=== ENTRIES PROVIDED ===
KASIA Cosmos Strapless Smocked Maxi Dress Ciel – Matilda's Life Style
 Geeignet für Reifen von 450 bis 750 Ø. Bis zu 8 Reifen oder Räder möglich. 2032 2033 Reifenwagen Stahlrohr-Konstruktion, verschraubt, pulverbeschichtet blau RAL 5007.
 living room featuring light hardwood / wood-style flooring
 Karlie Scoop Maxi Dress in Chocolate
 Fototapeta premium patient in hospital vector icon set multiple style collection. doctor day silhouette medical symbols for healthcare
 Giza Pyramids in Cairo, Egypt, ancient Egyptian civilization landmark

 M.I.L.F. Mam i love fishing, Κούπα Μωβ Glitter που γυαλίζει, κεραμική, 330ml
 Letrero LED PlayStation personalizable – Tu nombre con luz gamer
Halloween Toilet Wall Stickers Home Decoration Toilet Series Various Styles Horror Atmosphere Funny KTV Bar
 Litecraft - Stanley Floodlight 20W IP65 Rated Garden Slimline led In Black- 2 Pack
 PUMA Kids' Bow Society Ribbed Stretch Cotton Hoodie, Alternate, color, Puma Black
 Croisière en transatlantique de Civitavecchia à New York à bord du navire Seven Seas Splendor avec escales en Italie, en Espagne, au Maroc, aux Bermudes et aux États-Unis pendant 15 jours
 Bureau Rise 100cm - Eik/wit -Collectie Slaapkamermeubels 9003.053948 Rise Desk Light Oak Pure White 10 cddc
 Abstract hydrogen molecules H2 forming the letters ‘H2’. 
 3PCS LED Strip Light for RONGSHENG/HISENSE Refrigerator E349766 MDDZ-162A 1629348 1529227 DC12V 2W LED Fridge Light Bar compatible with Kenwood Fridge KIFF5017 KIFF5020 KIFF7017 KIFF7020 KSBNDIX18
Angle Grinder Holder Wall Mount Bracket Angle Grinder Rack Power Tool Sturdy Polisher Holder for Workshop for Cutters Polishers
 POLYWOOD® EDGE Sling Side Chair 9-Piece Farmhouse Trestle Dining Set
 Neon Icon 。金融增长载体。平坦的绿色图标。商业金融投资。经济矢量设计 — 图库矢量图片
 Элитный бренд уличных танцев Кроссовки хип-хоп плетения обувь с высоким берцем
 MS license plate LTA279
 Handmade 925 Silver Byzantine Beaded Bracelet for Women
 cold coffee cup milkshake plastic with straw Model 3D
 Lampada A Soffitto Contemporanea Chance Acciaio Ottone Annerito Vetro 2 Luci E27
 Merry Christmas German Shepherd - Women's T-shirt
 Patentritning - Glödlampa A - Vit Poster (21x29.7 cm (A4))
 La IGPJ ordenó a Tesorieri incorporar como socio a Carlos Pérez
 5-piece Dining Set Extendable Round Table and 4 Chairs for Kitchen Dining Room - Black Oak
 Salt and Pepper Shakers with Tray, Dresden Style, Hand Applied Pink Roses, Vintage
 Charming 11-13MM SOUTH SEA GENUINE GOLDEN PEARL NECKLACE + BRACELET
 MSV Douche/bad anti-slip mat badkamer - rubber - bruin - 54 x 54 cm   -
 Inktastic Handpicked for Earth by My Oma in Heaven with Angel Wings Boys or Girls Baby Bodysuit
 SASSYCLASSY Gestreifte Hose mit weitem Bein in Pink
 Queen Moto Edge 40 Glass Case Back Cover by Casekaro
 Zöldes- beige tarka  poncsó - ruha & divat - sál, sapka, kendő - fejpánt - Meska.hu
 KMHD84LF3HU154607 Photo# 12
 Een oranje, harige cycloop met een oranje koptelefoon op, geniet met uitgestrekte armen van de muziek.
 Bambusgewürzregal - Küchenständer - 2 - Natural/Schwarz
===
◆ **TASK PROMPT**:
In the listing above, find the line with "Litecraft - Stanley" and the line with "Neon Icon 。金融增长载体。平坦的绿色图标。商业金融投资。经济矢量设计"; set down exactly those two lines and every line between them, nothing more.

◆ **THE COMPLETED TASK**:
 Litecraft - Stanley Floodlight 20W IP65 Rated Garden Slimline led In Black- 2 Pack
 PUMA Kids' Bow Society Ribbed Stretch Cotton Hoodie, Alternate, color, Puma Black
 Croisière en transatlantique de Civitavecchia à New York à bord du navire Seven Seas Splendor avec escales en Italie, en Espagne, au Maroc, aux Bermudes et aux États-Unis pendant 15 jours
 Bureau Rise 100cm - Eik/wit -Collectie Slaapkamermeubels 9003.053948 Rise Desk Light Oak Pure White 10 cddc
 Abstract hydrogen molecules H2 forming the letters ‘H2’. 
 3PCS LED Strip Light for RONGSHENG/HISENSE Refrigerator E349766 MDDZ-162A 1629348 1529227 DC12V 2W LED Fridge Light Bar compatible with Kenwood Fridge KIFF5017 KIFF5020 KIFF7017 KIFF7020 KSBNDIX18
Angle Grinder Holder Wall Mount Bracket Angle Grinder Rack Power Tool Sturdy Polisher Holder for Workshop for Cutters Polishers
 POLYWOOD® EDGE Sling Side Chair 9-Piece Farmhouse Trestle Dining Set
 Neon Icon 。金融增长载体。平坦的绿色图标。商业金融投资。经济矢量设计 — 图库矢量图片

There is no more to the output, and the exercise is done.